Data for the task |
----
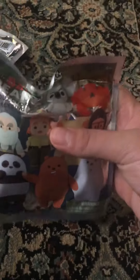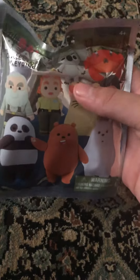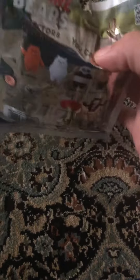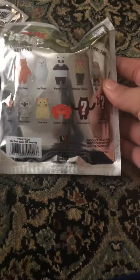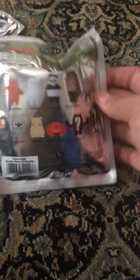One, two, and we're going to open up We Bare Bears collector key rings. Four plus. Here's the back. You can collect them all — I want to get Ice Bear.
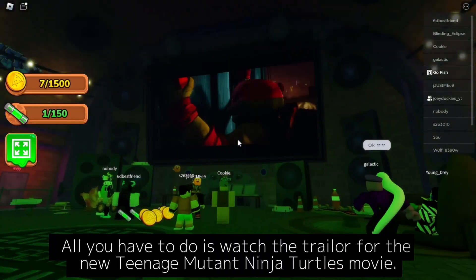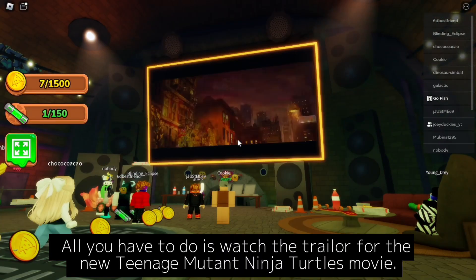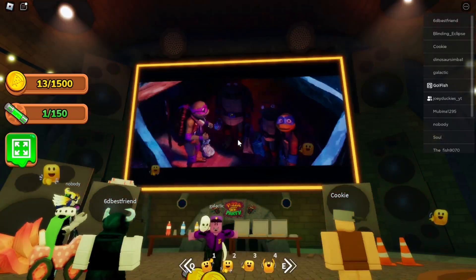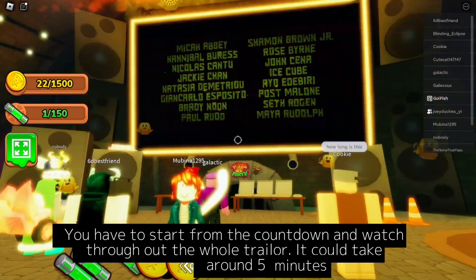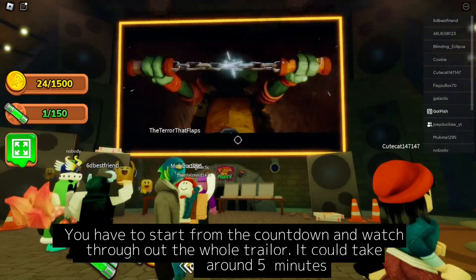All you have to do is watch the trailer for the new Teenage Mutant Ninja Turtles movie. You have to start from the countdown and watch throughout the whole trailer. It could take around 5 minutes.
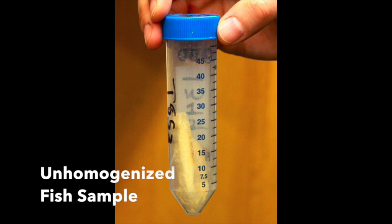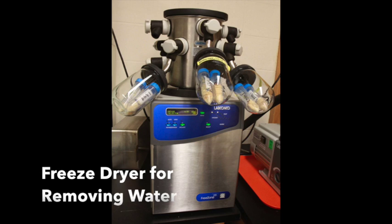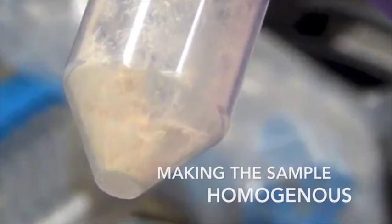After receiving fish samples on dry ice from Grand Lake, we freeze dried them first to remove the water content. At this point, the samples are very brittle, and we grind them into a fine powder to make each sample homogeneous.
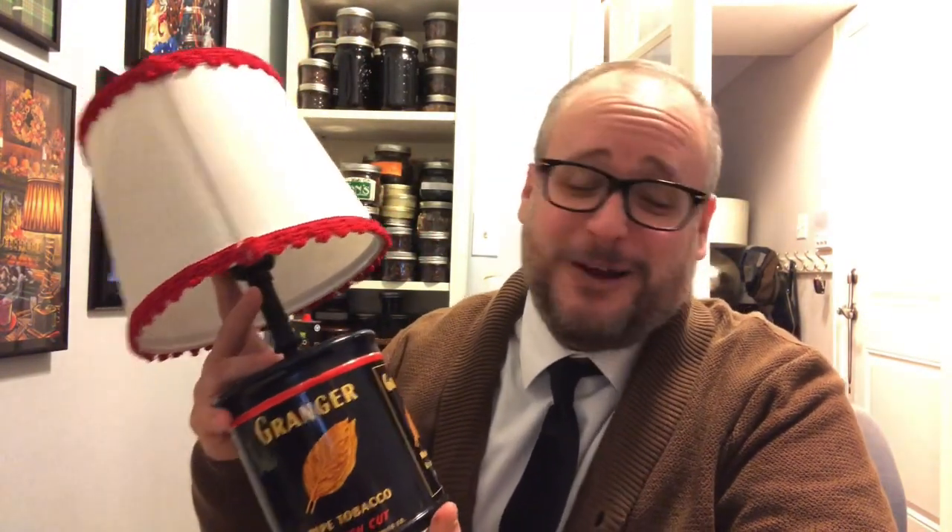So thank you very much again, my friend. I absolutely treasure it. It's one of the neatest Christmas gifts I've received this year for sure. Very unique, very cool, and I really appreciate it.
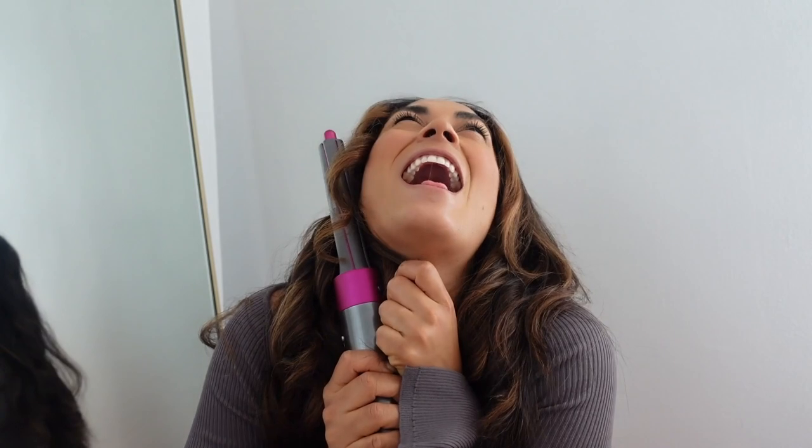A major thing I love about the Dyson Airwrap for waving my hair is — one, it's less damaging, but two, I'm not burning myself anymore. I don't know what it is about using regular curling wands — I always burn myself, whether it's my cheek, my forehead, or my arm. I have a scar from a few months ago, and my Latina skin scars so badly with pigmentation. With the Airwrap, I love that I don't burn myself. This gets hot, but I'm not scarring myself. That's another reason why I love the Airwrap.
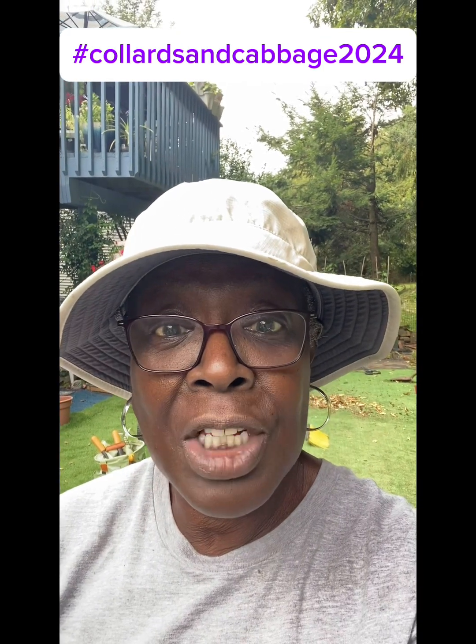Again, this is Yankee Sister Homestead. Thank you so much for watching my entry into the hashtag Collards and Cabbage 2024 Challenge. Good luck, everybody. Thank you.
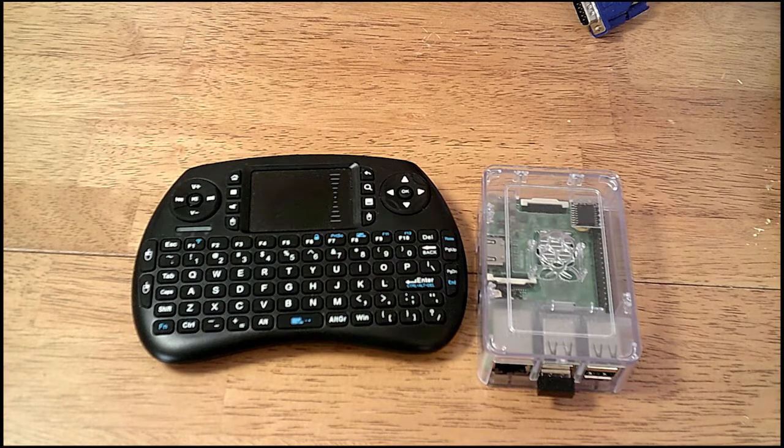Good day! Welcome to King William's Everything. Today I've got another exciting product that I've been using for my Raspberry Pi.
----
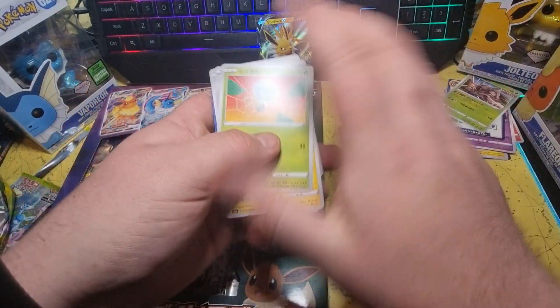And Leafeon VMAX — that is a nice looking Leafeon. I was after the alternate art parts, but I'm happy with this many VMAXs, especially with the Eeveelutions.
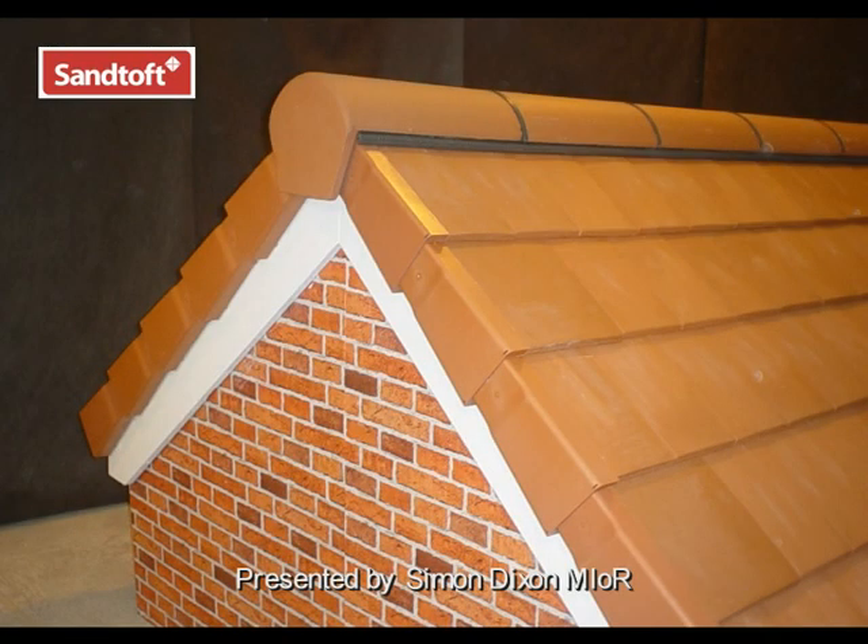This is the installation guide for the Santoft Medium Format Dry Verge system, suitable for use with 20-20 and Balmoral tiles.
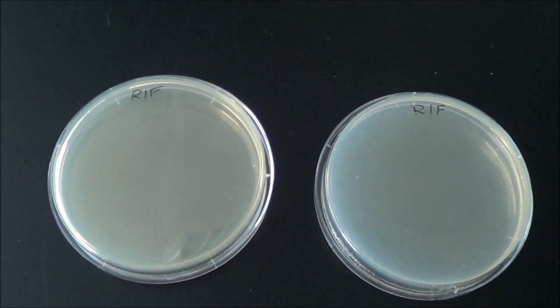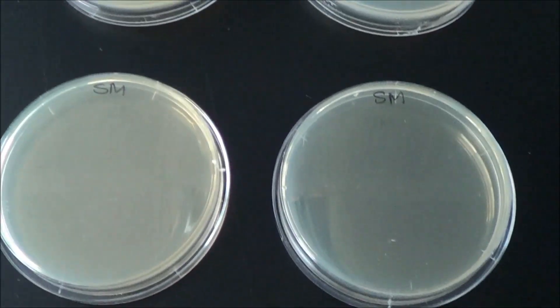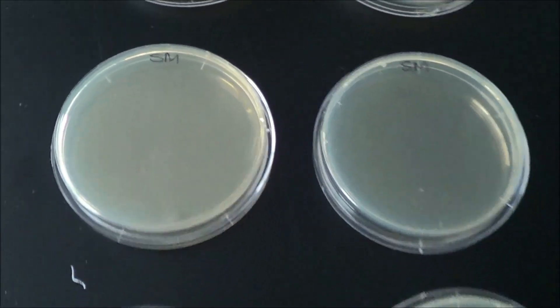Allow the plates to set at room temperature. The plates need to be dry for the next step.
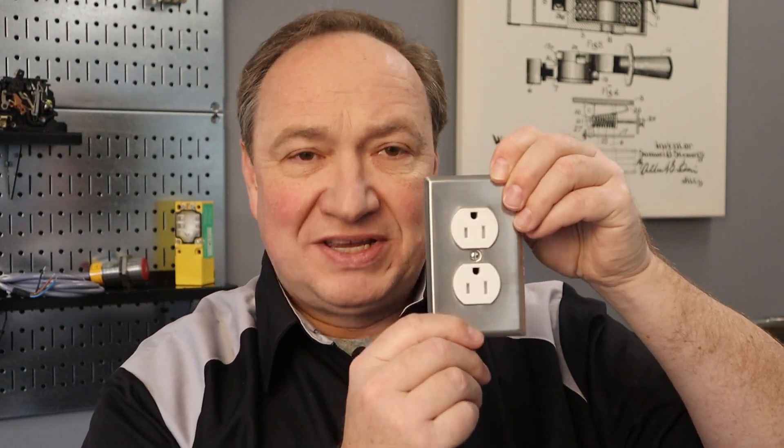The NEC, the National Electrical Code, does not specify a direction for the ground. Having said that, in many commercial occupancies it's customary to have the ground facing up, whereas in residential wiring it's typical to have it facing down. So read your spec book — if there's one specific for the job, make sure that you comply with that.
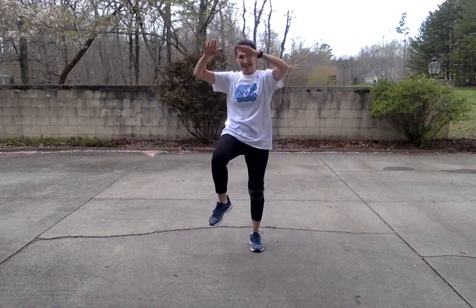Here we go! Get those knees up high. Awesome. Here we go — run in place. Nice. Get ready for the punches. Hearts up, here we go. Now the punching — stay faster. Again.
----
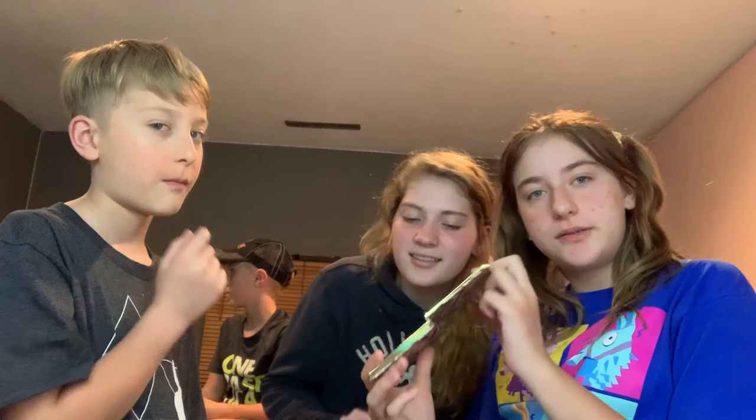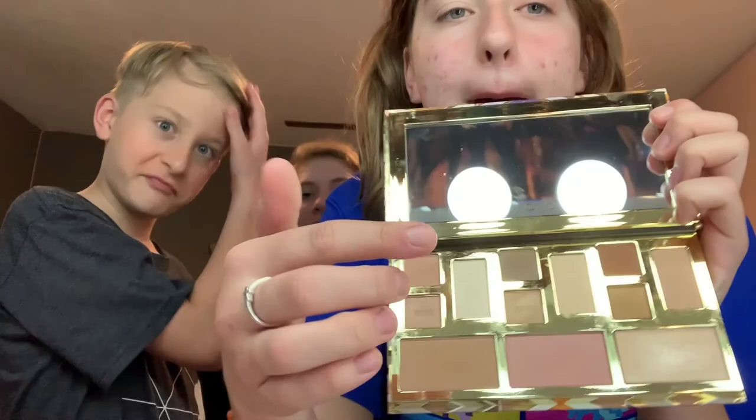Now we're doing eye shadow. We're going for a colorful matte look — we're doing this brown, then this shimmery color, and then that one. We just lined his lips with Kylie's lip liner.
----
Print, word for word, the lines above that run from the line containing "The NEC, the" to the line containing "Here we go!", both included. Keep the pictures out.

Response box |
The NEC, the National Electrical Code, does not specify a direction for the ground. Having said that, in many commercial occupancies it's customary to have the ground facing up, whereas in residential wiring it's typical to have it facing down. So read your spec book — if there's one specific for the job, make sure that you comply with that.
Here we go! Get those knees up high. Awesome. Here we go — run in place. Nice. Get ready for the punches. Hearts up, here we go. Now the punching — stay faster. Again.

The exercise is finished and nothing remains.